Secdede Mey Çekeriz Allah’ı Zikrederek
Mey bize Hak sevgisi, mey bize aşkı Hakkın,
Ruhum çırpınıyor bak tutsak bedende, sıkkın,
Yaşam sevdasız olmaz, sevgisiz ruhlar bıkkın;
_______Biz Mabuda taparız, yaklaşırız giderek,
_______Secdede mey çekeriz Allah’ı zikrederek.
Sevda ile yazarken secdedeyim, canana,
Secdede şükrederim bana verilen cana,
Gel dostum mey çekelim seninle kana kana;
_______Biz Mabuda taparız, yaklaşırız giderek,
_______Secdede mey çekeriz Allah’ı zikrederek.
Güllerde, çiçeklerde Allah’ı arıyorum,
Dudaklarında canım ben sana varıyorum,
Ayet ayet okuyor, aşkımla sarıyorum;
_______Biz Mabuda taparız, yaklaşırız giderek,
_______Secdede mey çekeriz Allah’ı zikrederek.

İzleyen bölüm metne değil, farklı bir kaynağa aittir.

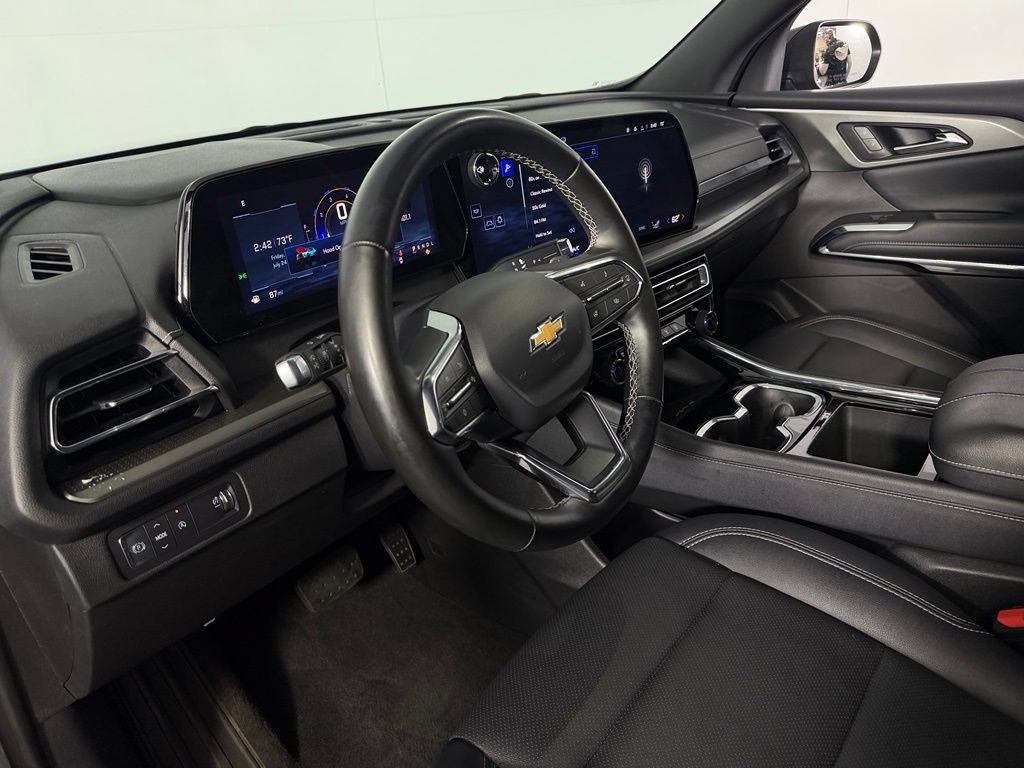 Used 2025 Chevrolet Traverse LT FWD image 22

Ey Allah’ın Resul’ü garip gönlümün şahı,
Senin yolunda mecnun zikrederim Allah’ı,
Kimi kulum yanılır, sapıtırım dergâhı;
_______Biz Mabuda taparız, yaklaşırız giderek,
_______Secdede mey çekeriz Allah’ı zikrederek.
Hakka âşıksan eğer sevdiğin can olmalı,
Elinde tuttuğun mey dolu fincan olmalı,
Allah kuluyum diyen önce insan olmalı;
_______Biz Mabuda taparız, yaklaşırız giderek,
_______Secdede mey çekeriz Allah’ı zikrederek.
(Ahmet İDRİSOĞLU)
TÜRKÜ
Evet Genç Radyonun değerli dinleyicileri. Böylece süremizin sonuna geldik.
Bu programı sizlere hazırlayıp sunan biz üç kafadar; ben Ahmet İDRİSOĞLU, ben Hacer ALİOĞLU, BEN Zeynep SAVAŞ üçlüsü pazartesiye kadar sizleri Allaha emanet ediyor, hayırlı cumalar ve hayırlı hafta sonları diliyoruz efendim.
En kalbi saygılarımızla, şen kalın, esen kalın.
TÜRKÜ
Not:
Bu metin 15. Ekim.2010 Cuma günü saat (10-11) Kastamonu GENÇ RADYODA düzenlediğimiz sabah programını yayın akışıdır.